**Work instructions:**
Pictures in the data should be dropped; transcribe exactly the lines from the one that has "Kitchen with Island Seating" through the one that has "Dayan Old Town".

**Material shown:**
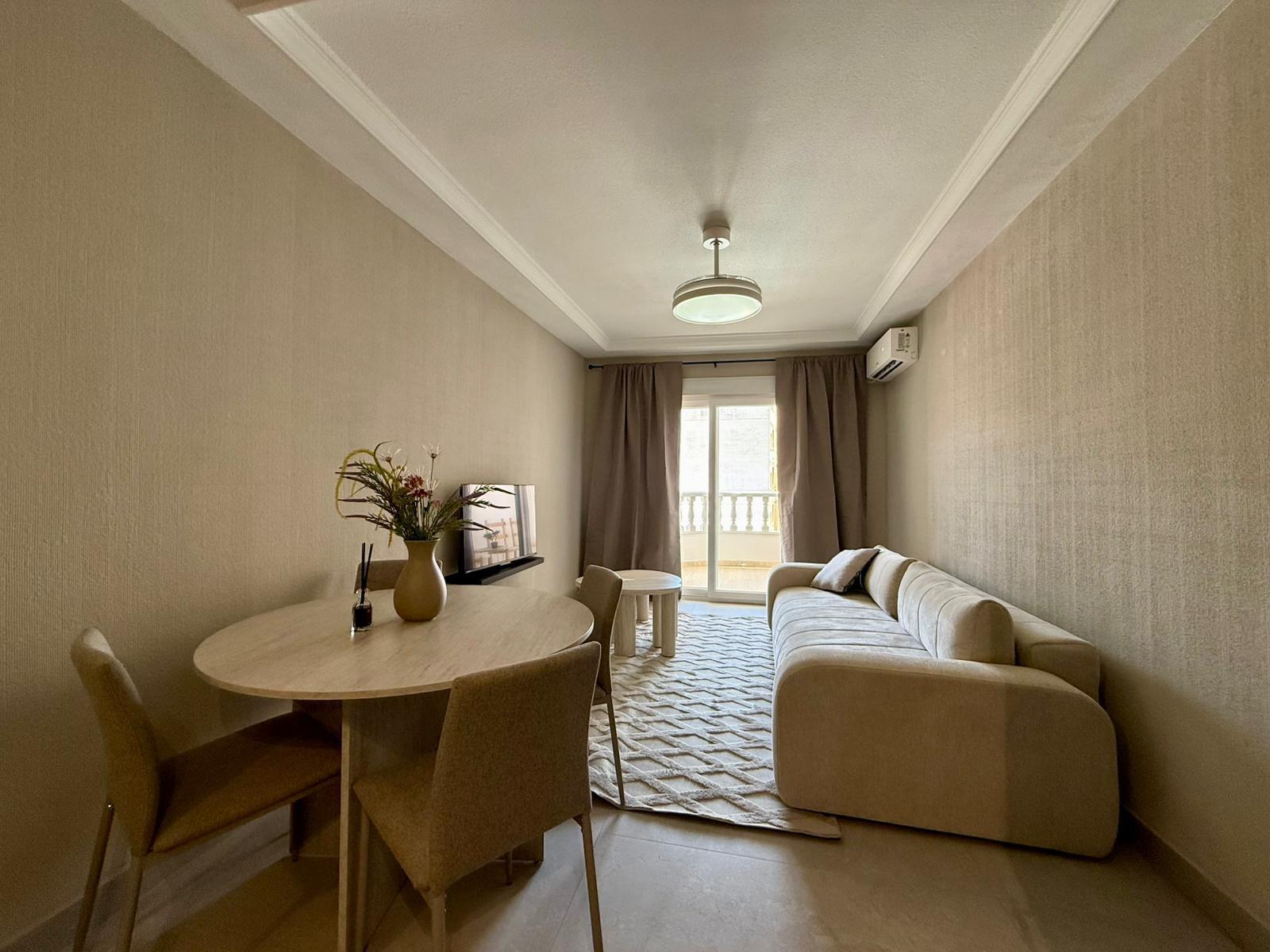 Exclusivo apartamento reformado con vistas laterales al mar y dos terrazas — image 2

--

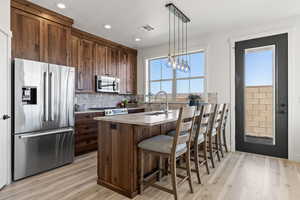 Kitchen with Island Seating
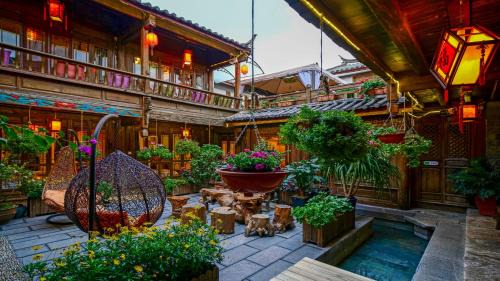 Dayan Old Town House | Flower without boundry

**Exercise output:**
 Kitchen with Island Seating
 Dayan Old Town House | Flower without boundry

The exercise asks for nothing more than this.